Means of Solving the Problems
[0007] In order to solve the above-mentioned problems, according to
the invention, there is provided a combustion plate for a totally
aerated combustion burner in which a multiplicity of flame holes
for ejecting a premixed gas are formed in a plate main body of
ceramic make, wherein the flame holes of an equal diameter are
evenly formed over an entire surface of a combustion region of the
plate main body in such a positional relationship that adjoining
three flame holes form an equilateral triangle, and wherein,
provided that a flame hole group which is made up of six flame
holes disposed in a positional relationship to form an equilateral
hexagon and one flame hole in the center thereof is defined as a
unit flame hole group when disposed adjacent to another flame hole
group across a large equilateral hexagon which is made up of a
flame hole at each of the corner portions and a flame hole in a
middle of each of the sides of the large equilateral hexagon, a
bottomed hole (or a recess) is formed in the surface of the plate
main body in a manner: to be coaxial with the flame hole in the
center of each of the unit flame hole groups; to be smaller than a
diameter of a circle circumscribing the six flame holes that are in
such a positional relationship as to form the equilateral hexagon;
and to be larger than a diameter of a circle inscribing the six
flame holes, whereby the premixed gas ejected from the six flame
holes has a velocity component toward a center of the bottomed
hole.
[0008] According to the invention, by disposing the flame holes of
the same diameter in such a positional relationship that the
adjoining three flame holes form an equilateral triangle, the flame
holes can be disposed in as much densest manner as possible within
a limit in which the combustion plate can be manufactured. As a
result, the opening ratio of the flame holes can be largely
increased as compared with the conventional examples, so that the
resistance to pass through the combustion plate can be reduced. The
load on the fan to supply the primary air to the burner can thus be
decreased and the fan noise can be reduced.
[0009] Further, the premixed gas to be ejected from the six flame
holes that are in the positional relationship to form an
equilateral hexagon of each of the unit flame holes, has a velocity
component toward the center of the bottomed hole. There can thus be
obtained an effect of reducing the ejection velocity of the
premixed gas in the direction of the normal to the surface of the
combustion plate.

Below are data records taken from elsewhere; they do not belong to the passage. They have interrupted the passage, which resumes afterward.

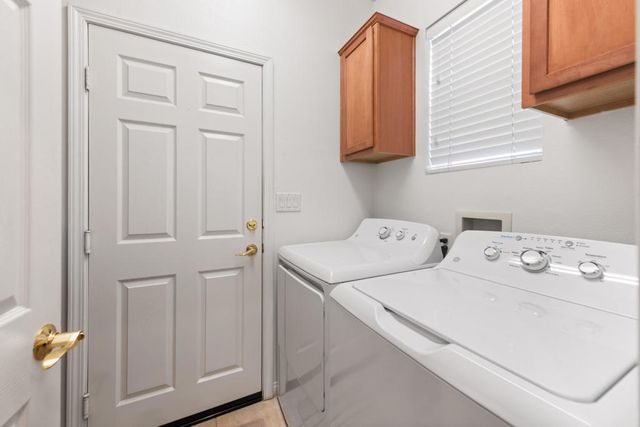 82207 Burton Avenue, Indio, CA 92201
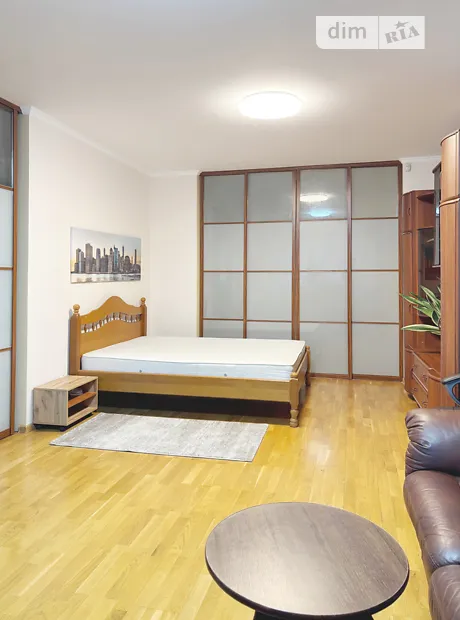 Квартира на вул. Ахматової Анни, 13 в Києві, ID 369008, фото №12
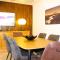 Appartement Helios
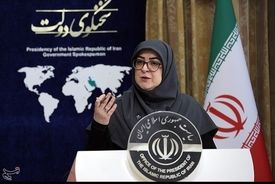 اختصاص ۱۰۰۰ میلیارد تومان برای بازسازی خانه‌های آسیب‌دیده از جنگ ۱۲ روزه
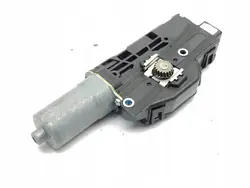Moteur de toit ouvrant OEM 9833655280 pour Opel Astra L 2023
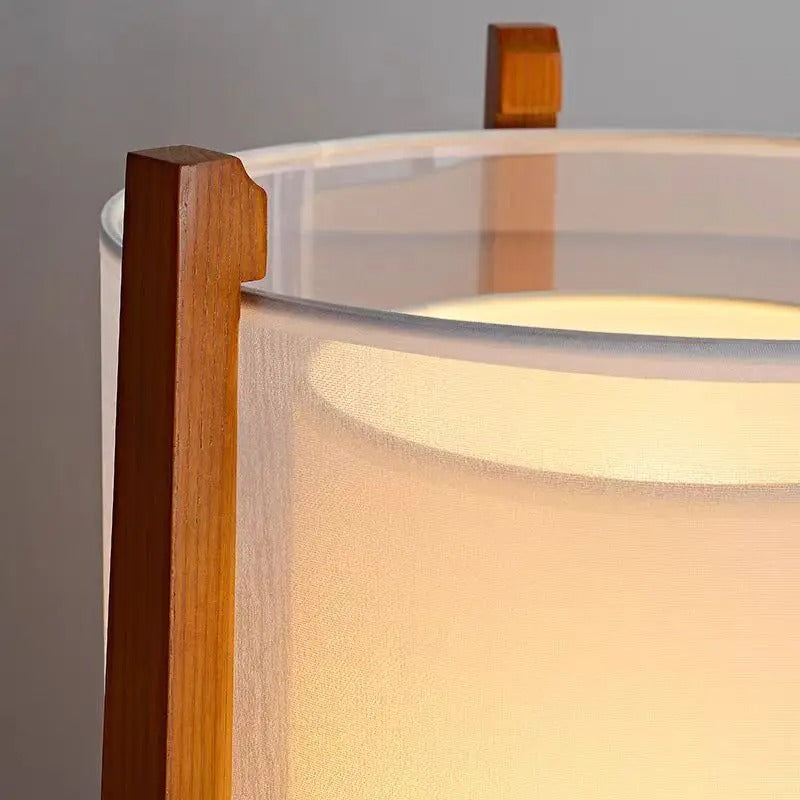 lampadaire-bois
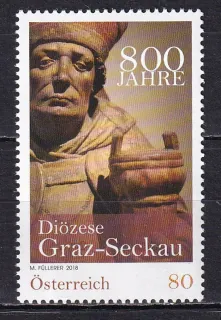 3400**
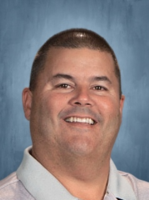 Staff Recognition Highlight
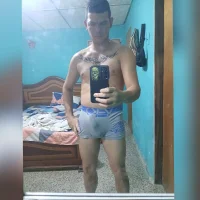 cristian07_ – avatarbillede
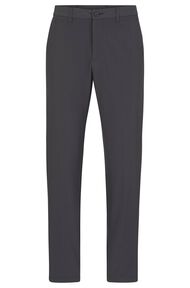 Herren Hose COMMUTER Regular Fit Herren Hose COMMUTER Regular Fit von Boss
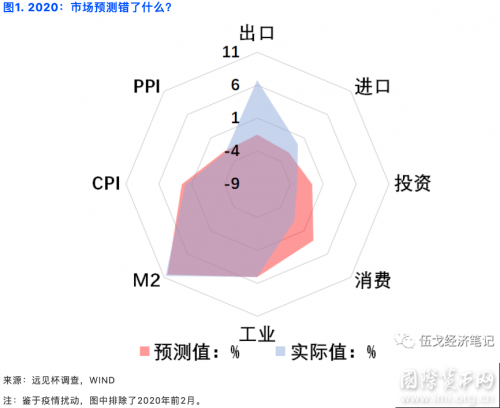 1-3-e1614258496600.png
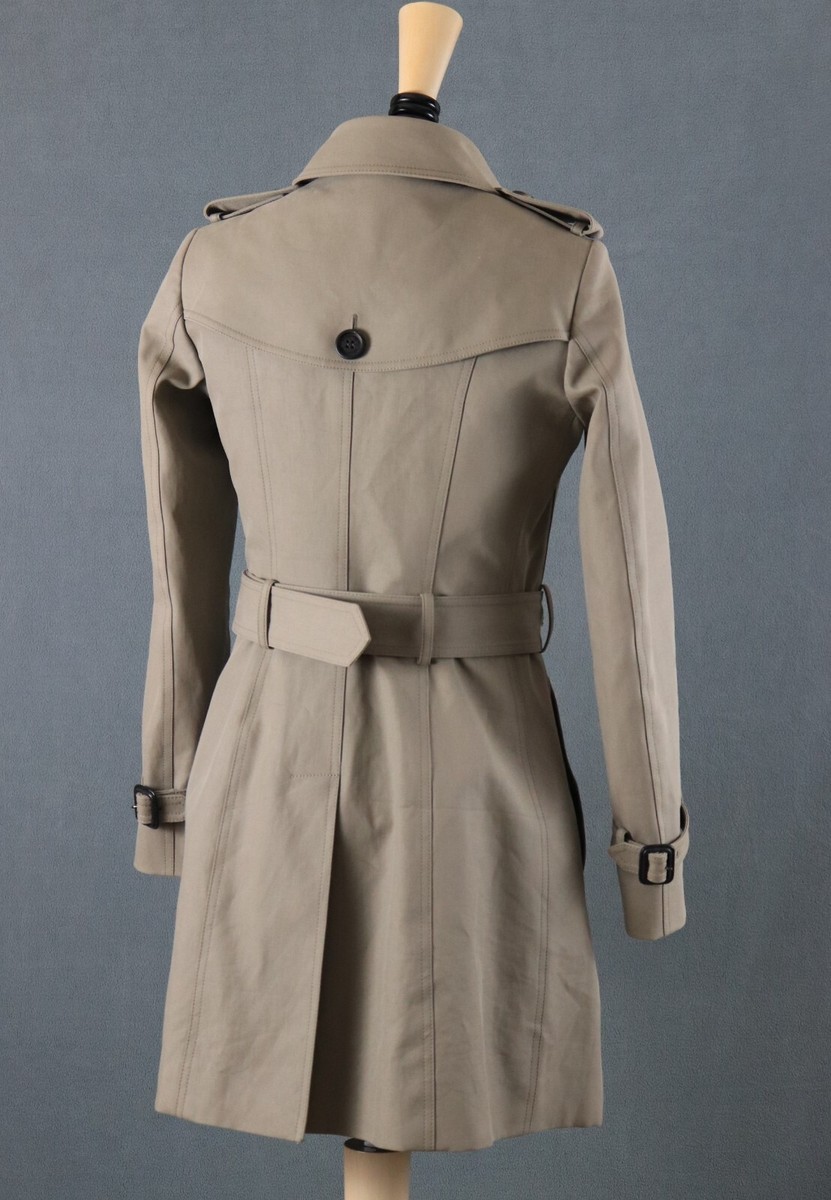 BURBERRY BE4311D 新品未使用　made in Italy s-l1200.jpg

As a result, the shape of the aggregated flames
to be formed by the combustion of the premixed gas ejected from the
bottomed hole of the unit flame hole group becomes a mountain shape
without a steep rise. As a consequence, there can be obtained an
effect of maintaining a stable flame to restrict the flame lifting
off at the time of high-load combustion. Therefore, despite the
fact that all the flame holes are made into the same diameter,
there can be secured combustion stability at the time of high-load
combustion.
[0010] In addition, if each of the aggregated flames to be formed
by the combustion of the premixed gas ejected from the bottomed
holes of each of the unit flame holes lies next to one another, the
aggregated flames get resonant with one another to thereby generate
large combustion resonant sounds. In this invention, on the other
hand, since there exist large equilateral hexagonal flame holes
among each of the unit flame hole groups, there will be formed
flames that are separated from the aggregated flames as a result of
combustion of the premixed gas ejected from these flame holes.
Resonance among the aggregated flames will thus be restricted,
whereby the combustion resonant sounds will be reduced.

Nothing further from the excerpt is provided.